Wage loss is often the starting point for valuing a Michigan workers’ comp case. Under Michigan law, total disability wage loss benefits are generally based on 80% of the worker’s after-tax average weekly wage, subject to the state maximum rate. The Workers’ Disability Compensation Agency publishes weekly benefit tables based on 80% of after-tax average weekly wage, and Michigan law uses that framework to determine compensation rates.
The first step is calculating the worker’s average weekly wage. In many cases, this is based on the worker’s highest 39 weeks of gross wages during the 52 weeks before the injury. That number is then converted into the applicable after-tax workers’ comp rate using the state tables, which consider factors like tax filing status and dependents.
Once the weekly benefit rate is known, the settlement discussion often shifts to duration. The basic wage loss framework looks like this:
Weekly benefit rate × expected duration of disability = wage loss exposure
For example, if a worker has a weekly benefit rate of $800 and is expected to remain disabled from their regular job for three years, the wage loss exposure is roughly:
$800 × 52 weeks × 3 years = $124,800
That does not mean the case automatically settles for that number. The insurance company may argue the worker can return to light duty, earn wages in another job, recover sooner than expected, or has a lower post-injury wage loss than claimed. The worker may argue that restrictions are permanent, the prior job is no longer realistic, and future wage loss will continue for many years.
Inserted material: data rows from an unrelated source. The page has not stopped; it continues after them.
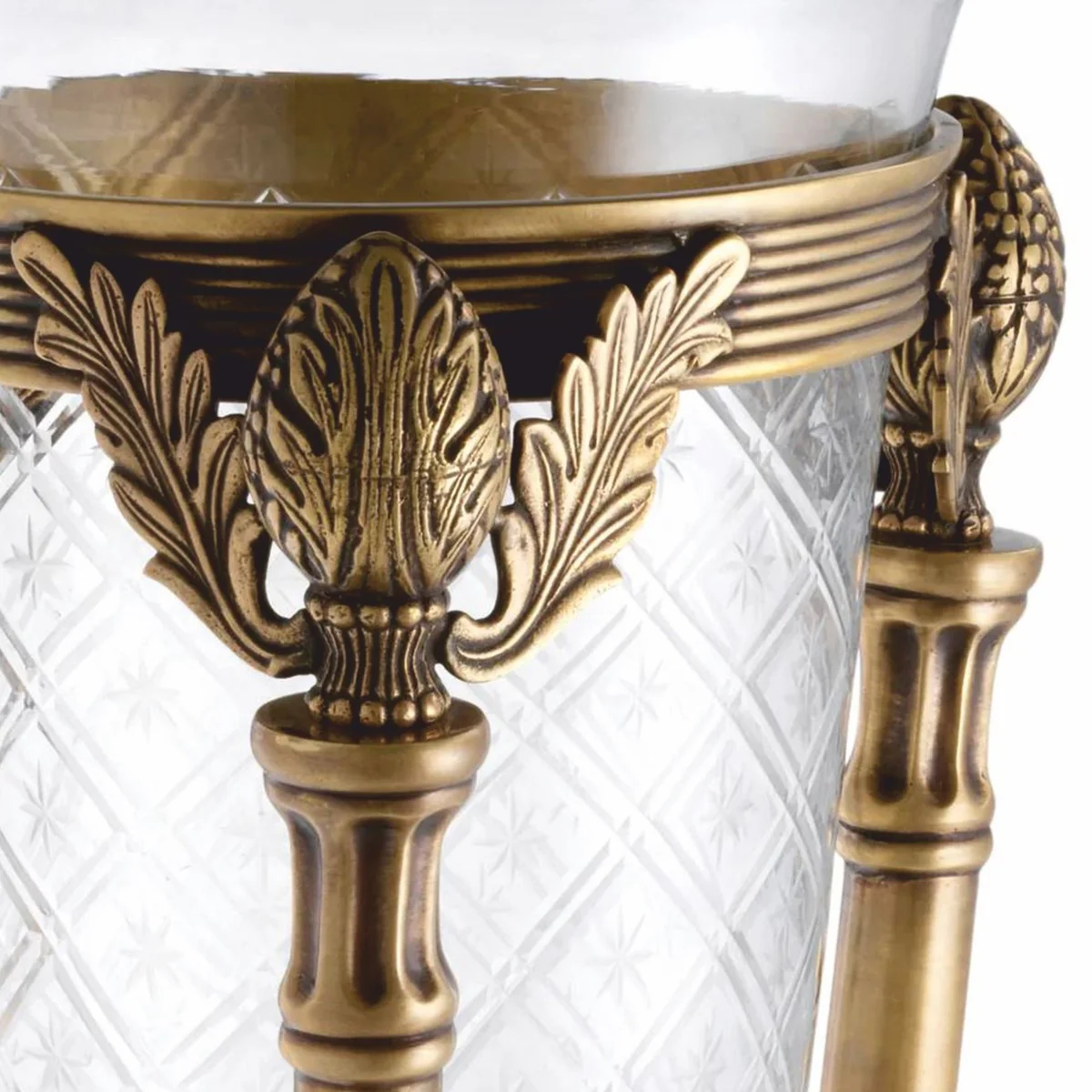 Luxus Barock Kerzenleuchter Vintage Messing / Schwarz H. 51 cm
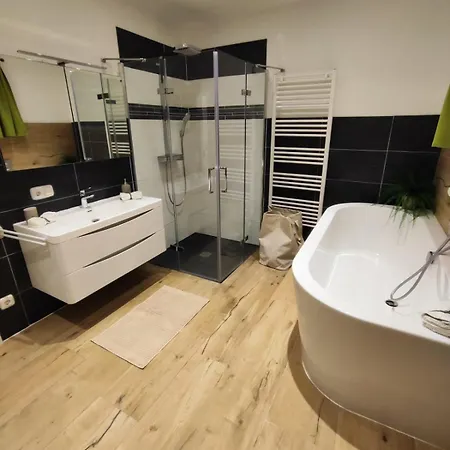 Alex's Apartamento *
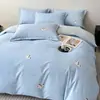 Conjunto de cama estampado em algodão escovado, espesso e quente, conjunto de três ou quatro peças em algodão puro, adequado para dormitórios e pousadas, disponível para dropshipping
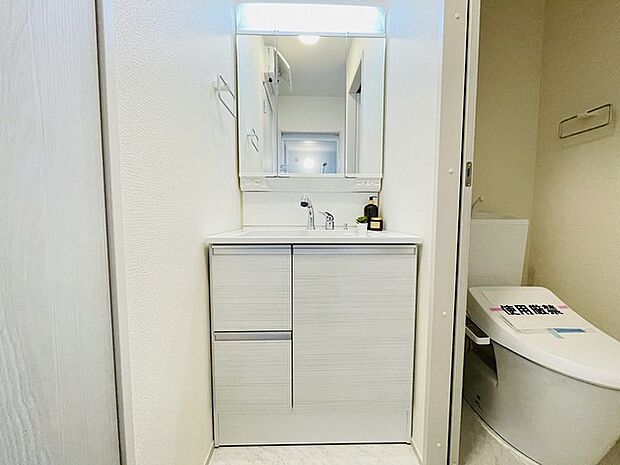 三面鏡に洗面台。 コンセントに照明機能、多機能性を備えた設備です。  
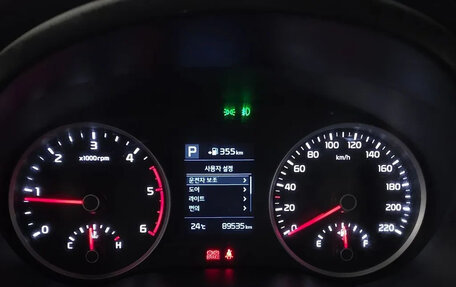 KIA Stonic, 2017 год, 1 381 000 рублей, 7 фотография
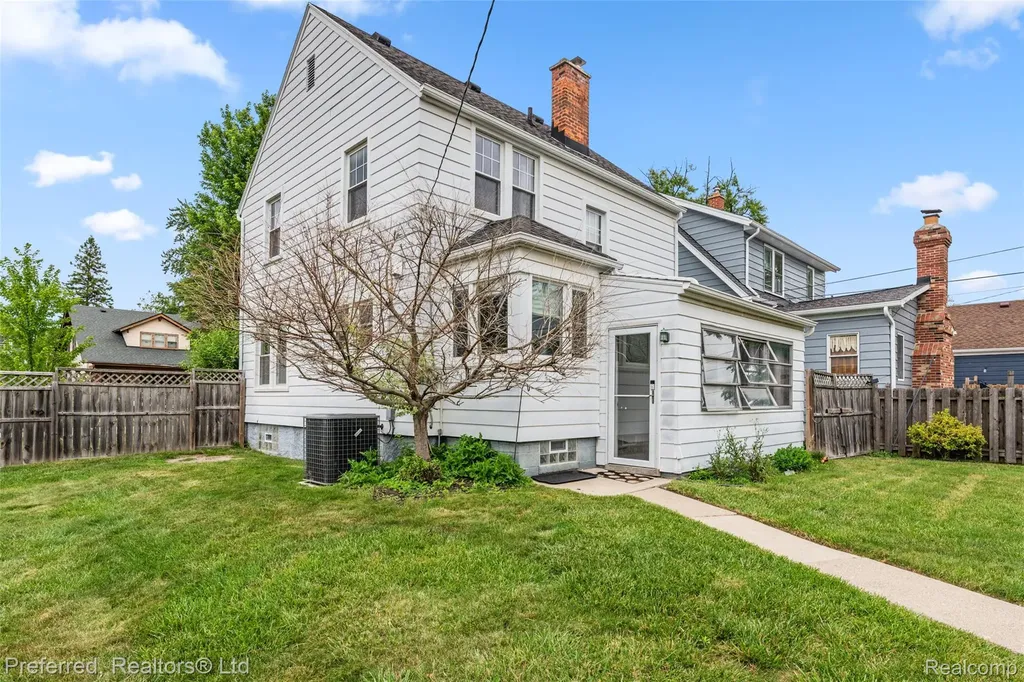22265 Nowlin Street Dearborn City MI 48124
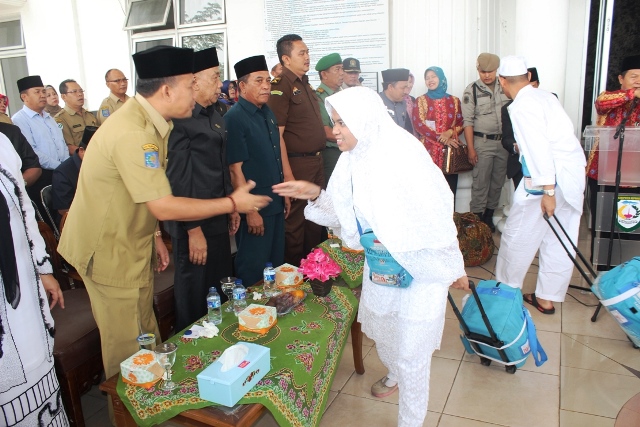 Jamaah Haji Tercecer Dipulangkan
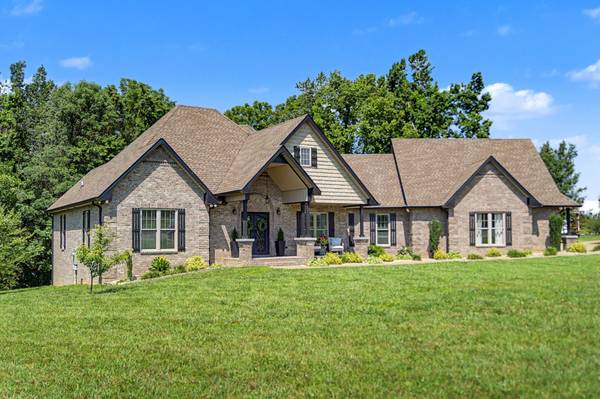 76 Maggie Lena Ln, Lafayette, TN 37083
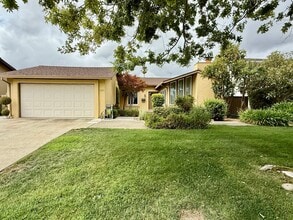 Building Photo - 1251 Rousseau Dr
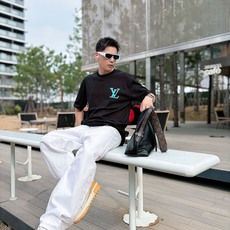 LV 2026春夏新款首发专柜最新款短袖圆领T恤 高端订制 设计前卫时尚!品牌logo重工艺设计 高 LV 2026春夏新款首发专柜最新款短袖圆领T恤 高端订制 设计前卫时尚!品牌logo重工艺设计 高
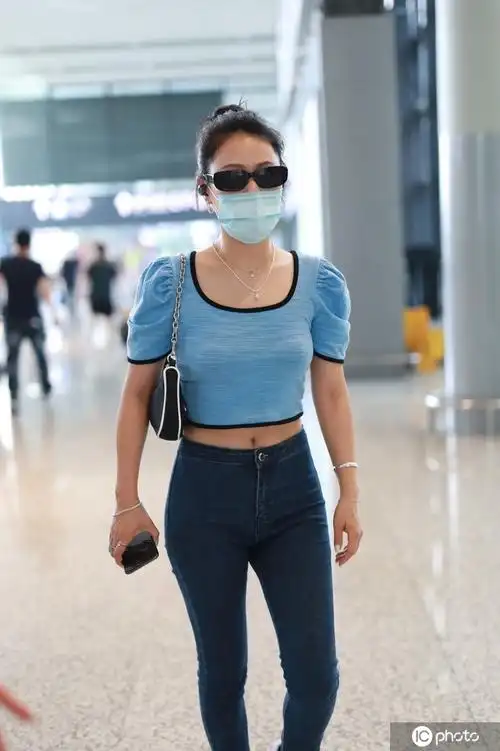 袁娅维一袭蓝色紧身bm小衫现身秀蛮腰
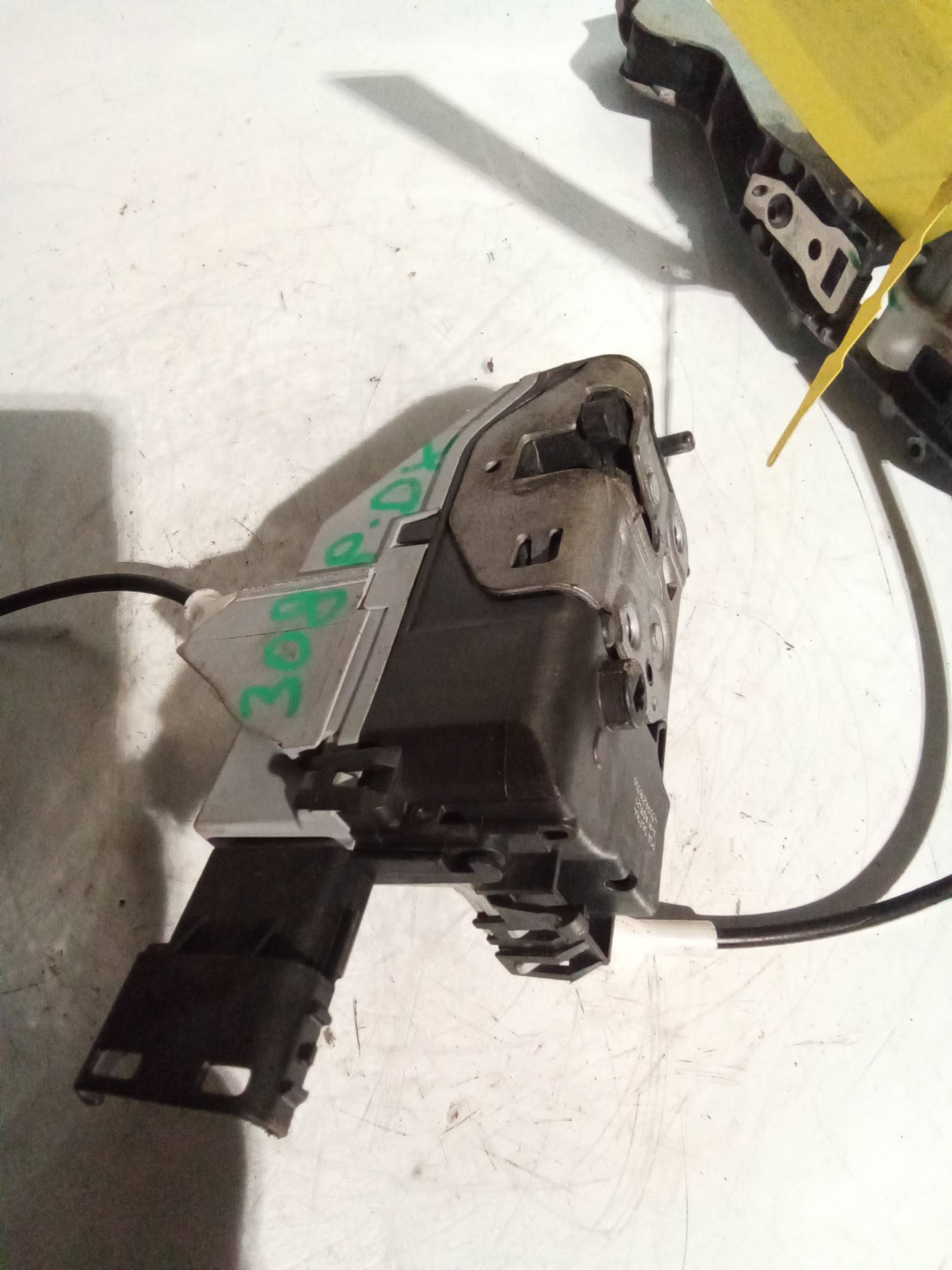 Serratura porta post. dx.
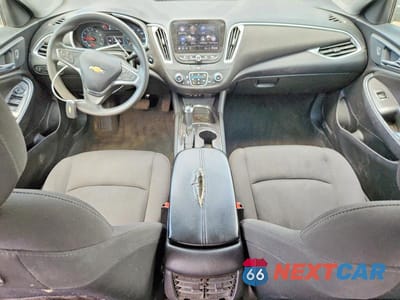 Zdjęcie 8 z 12 samochodu: 2019 CHEVROLET MALIBU LT VIN:1G1ZD5ST3KF170037 - miniatura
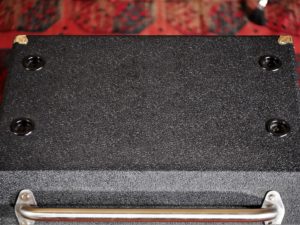 studio-la-boite-a-meuh-ampeg-svt-classic-410-hlf-encastrement-pieds-tete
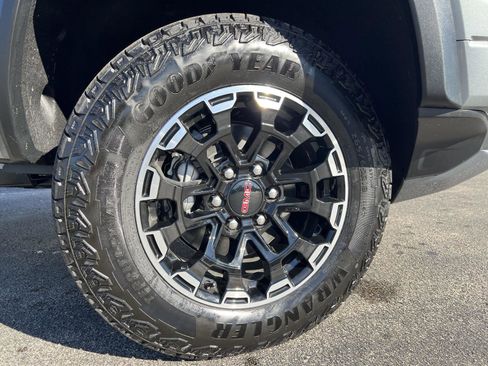 New 2026 GMC Canyon AT4 image 2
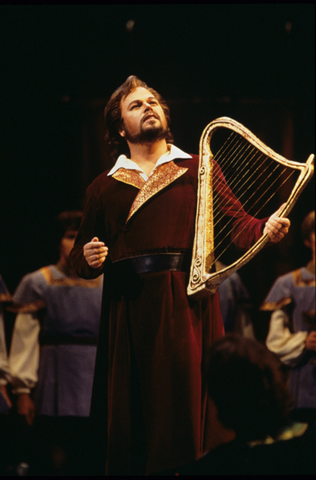 Wolfgang Schmidt (Tannhäuser), Chorus, Tannhäuser, Richard Wagner. San Francisco Opera, 1994-95. Photographer: Marty Sohl/San Francisco Opera.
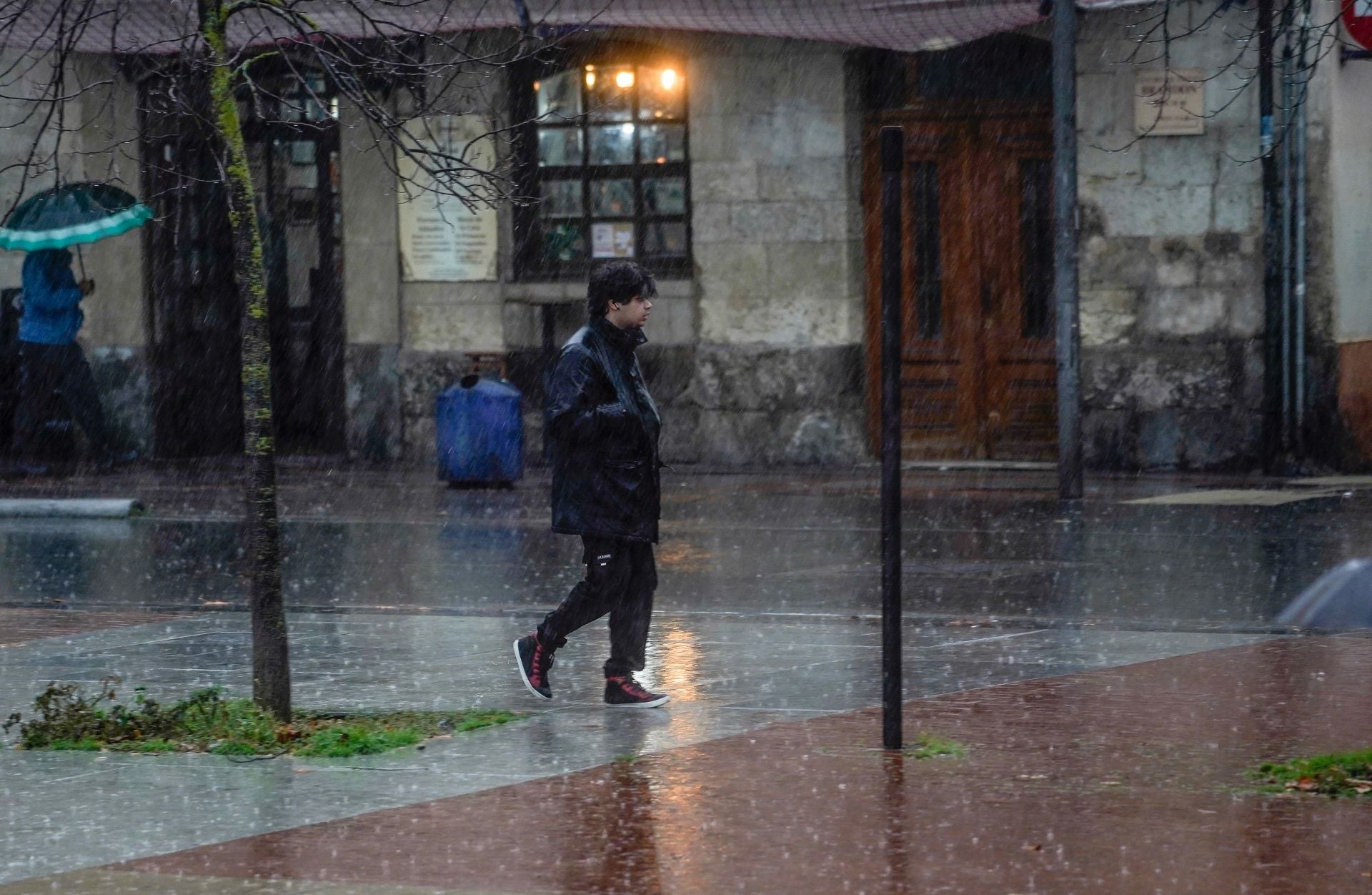 La lluvia y el frío llegan a Vitoria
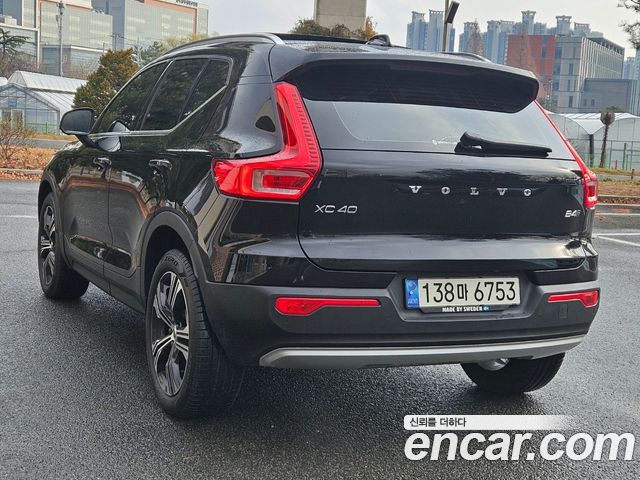 Volvo XC40 2021 thumb 6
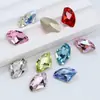 Pedras de Strass para Unhas Dongzhou Cristal em Formato de Machado 9x14 Strass de Vidro de Alta Qualidade, Strass de Formato Irregular, Decorações para Nail Art, Strass Dongzhou em Formato de Machado
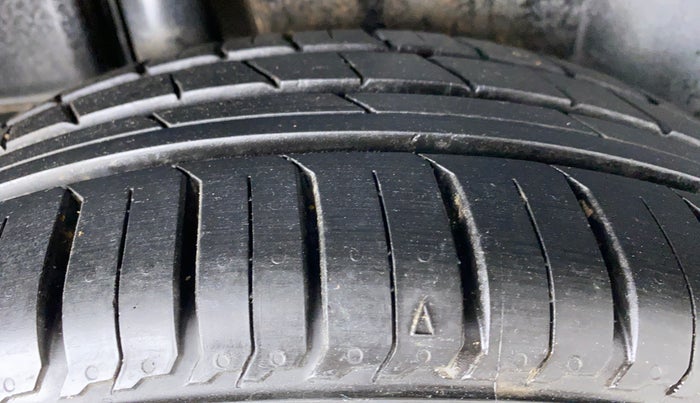 2015 Maruti Ciaz VXI PLUS, Petrol, Manual, 90,387 km, Right Rear Tyre Tread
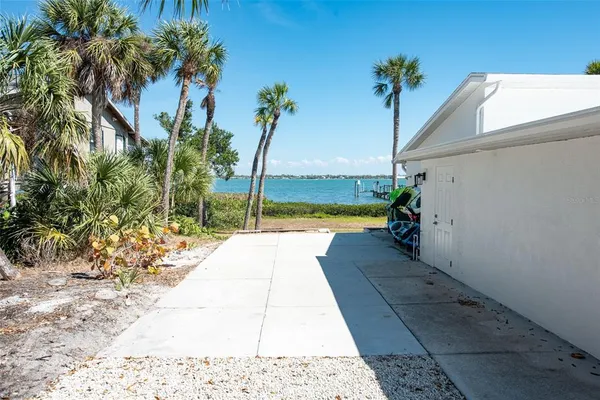 $1,549,000 | 4087 Pelican Shores Circle, Englewood, FL 34223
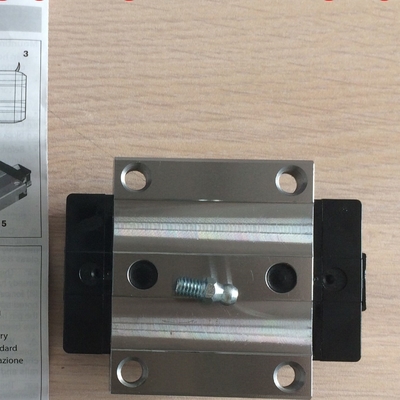 CNC Makinesi Doğrusal Top rulmanı / Doğrusal Kaydırma rulmanı R165129420 23x70x86.2 mm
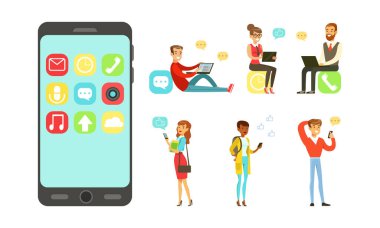 Modern Gadget Seti, Neşeli Erkek ve Kadın Muhabbeti, Akıllı Telefon, Tablet PC ve Dizüstü bilgisayar Bilgisayarları Çizim Vektör Resimleri Kullanan Gençler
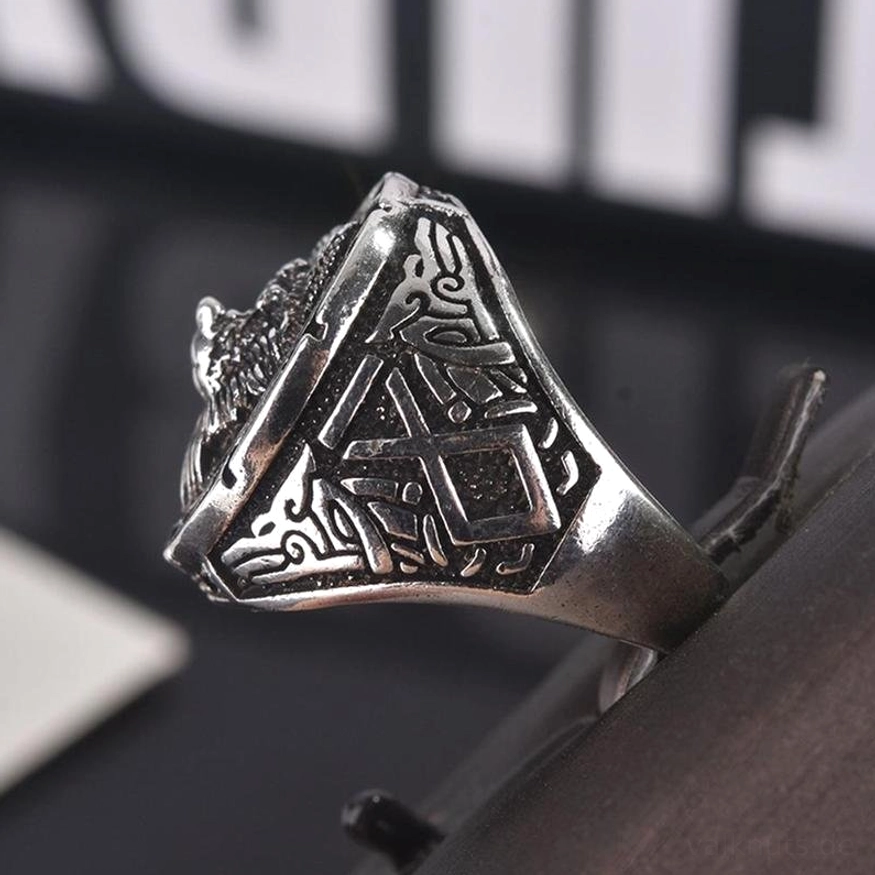 Seitenansicht des Wikinger Fenrir Wolf Ring mit wikingerischen Ornamenten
Partial wage loss can also affect value. If a worker returns to a lower-paying job because of the injury, Michigan workers’ comp may involve the difference between pre-injury earning capacity and post-injury earning capacity. In those cases, the case value is not based only on whether the worker can work at all. It is based on whether the injury reduced what the worker can earn.
This is where many settlement offers become misleading. The insurance company may calculate wage loss as if the worker will return to work quickly or can earn more than they realistically can. A fair valuation has to look at the actual medical restrictions, the worker’s job history, age, education, transferable skills, and whether suitable work is realistically available.